The original jurisdiction of the Court of Appeals over special civil actions for, inter alia, certiorari, is
vested upon it in Section 9(1) of B.P. Blg. 129. This jurisdiction is concurrent with the Supreme Court 12
and the Regional Trial Court. 13

If, indeed, petitioner initially believed that he had the alternative remedy of a special civil action for
certiorari which would have been more effective and adequate, then it was not necessary for him to ask
for an extension of time to file the petition. Under Rule 65 then, he had a reasonable period from receipt
of a copy of the Civil Service Commission resolution denying his motion for reconsideration within which
to file the petition. That reasonable period has been interpreted to be ninety (90) days. 14 We are not,
however, persuaded that petitioner initially thought of filing a special civil action. All along, what he had in
mind was a petition for review, as evidenced by his express reference in his motion to a petition for
review under Rule 45 and his indication of the date he received a copy of the resolution, viz., 29 March
1996, and the last day to file the petition, viz., 13 April 1996, which coincided with the last day prescribed
under Rule 45.

If petitioner then filed a special civil action for certiorari on 10 May 1996, it was only because he had lost
his right to appeal by way of the intended petition fore review. The proffered justification then for his
belated filing of a special action for certiorari was nothing but a crude attempt to circumvent standing
rules of procedure, which we cannot tolerate.

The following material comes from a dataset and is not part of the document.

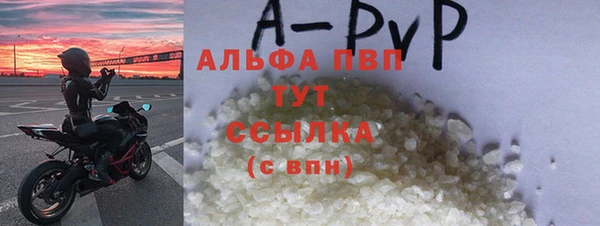 мет Богданович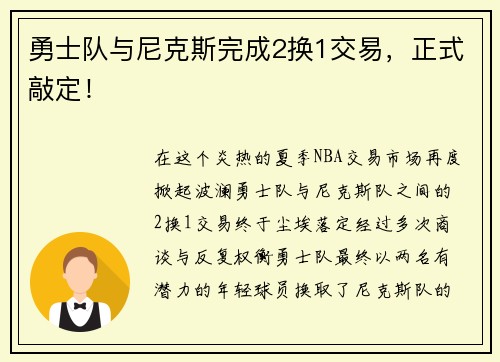 勇士队与尼克斯完成2换1交易，正式敲定！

It is settled that a special civil action for certiorari will not lie as a substitute for the lost remedy of appeal,
15 and we find no special nor compelling reasons why we should make out an exception here.

In any case, even if we were to sympathize with petitioner and permit his recourse under Rule 65, the
end result would remain unchanged since a perusal of the challenged resolutions of the Civil Service
Commission fails to disclose any grave abuse of discretion on its part.

WHEREFORE, the instant petition is DISMISSED.

Costs against petitioner.

SO ORDERED.

Regalado, Romero, Bellosillo, Melo, Puno, Vitug, Kapunan, Francisco and Panganiban, JJ., concur.
Martinez, J., took no part.
Narvasa, C.J., and Mendoza, J., are on leave.